Say “No” to Digital Advertising. Why? Because of Ad Frauds
Digital analysts compare the online crimes with more traditional forms of crime such as drug peddling and guns smuggling. But they observe that it’s easier to steal ad dollars than to move drugs and weapons around.
By Rakesh Raman
You can’t stop those advertisers who want to live in a fool’s paradise and squander their money on digital advertising.
Most of them blindly trust their digital ad agencies or media buying agencies that are fleecing the advertisers day in and day out by providing false, fabricated data.
Market estimates suggest that today the total digital ad market is of about US$ 50 billion (including Web and mobile), which is roughly 12% of the total ad spending. But nearly one-third of the dollars spent on digital media are earned by fraudulent maneuvers.
A report by The Wall Street Journal estimates digital advertising revenues to touch $50 billion this year. But it says one-third of online traffic is bogus as marketers encounter fraudulent visitors and rampant fraud.
Digital analysts also compare the online crimes with more traditional forms of crime such as drug peddling and guns smuggling. But they observe that it’s easier to steal ad dollars than to move drugs and weapons around.
While it is still a fledgling segment in the online industry, the digital advertising frauds are already in excess of a whopping $15 billion in a year. There are various stakeholders in the burgeoning online crime syndicate.
The stakeholders in the online ad mafia are:
Ad Agencies – Most ad agencies cheat gullible advertisers by showing concocted data about their ad impressions and impact.
Ad Exchanges – They use software scripts, adbots or spybots to fraudulently improve the performance of ads in the CPC as well as CPM ad models.
Mobile Networks – They allow ad fraudsters to use their networks for m-spam (mobile spam). More than half of the ads delivered on mobile devices is by way of spam, which can’t help advertisers.
Social Networks – Social networks like Facebook, Twitter, and Linkedin tell blatant lies about the number of their active subscribers and the engagement levels. Actual data is not even a fraction of their claims.
Publishers – Online publishers who run news or other content sites are willy-nilly part of this uneasy arrangement, as they display ads delivered by deceitful ad agencies and ad exchanges.

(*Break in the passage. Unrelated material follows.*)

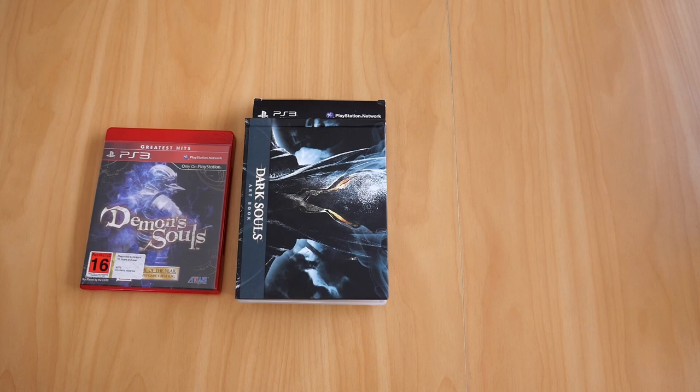The other two are, I believe, Dark Souls 2 and Dark Souls 3. Maybe one day in the future I'll go buy those games and get to play Demon's Souls again and go through with it. Anyway, those are my two copies of Demon's Souls and Dark Souls Limited Edition for the PS3 — see you guys in the next video. See ya!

Market Research Firms – They equip the dishonest digital ad agencies with armchair research findings and inflated data that is used to entice the advertisers.
Advertisers – As advertisers are financially supporting the online ad criminals, they are also part of this dangerous racket.
Let’s now discuss the modus operandi of the online ad thieves who are spoiling the market. Ad agencies are the biggest culprits in this dirty game. Instead of educating the advertisers, they prefer to fleece them.
As there is no reliable ad monitoring mechanism and impact measurement method, advertisers trust the agencies blindly. They are paying even for those ads, which are not being displayed. They are also paying for those mobile ads, which are delivered as spam without taking the consent from the mobile user.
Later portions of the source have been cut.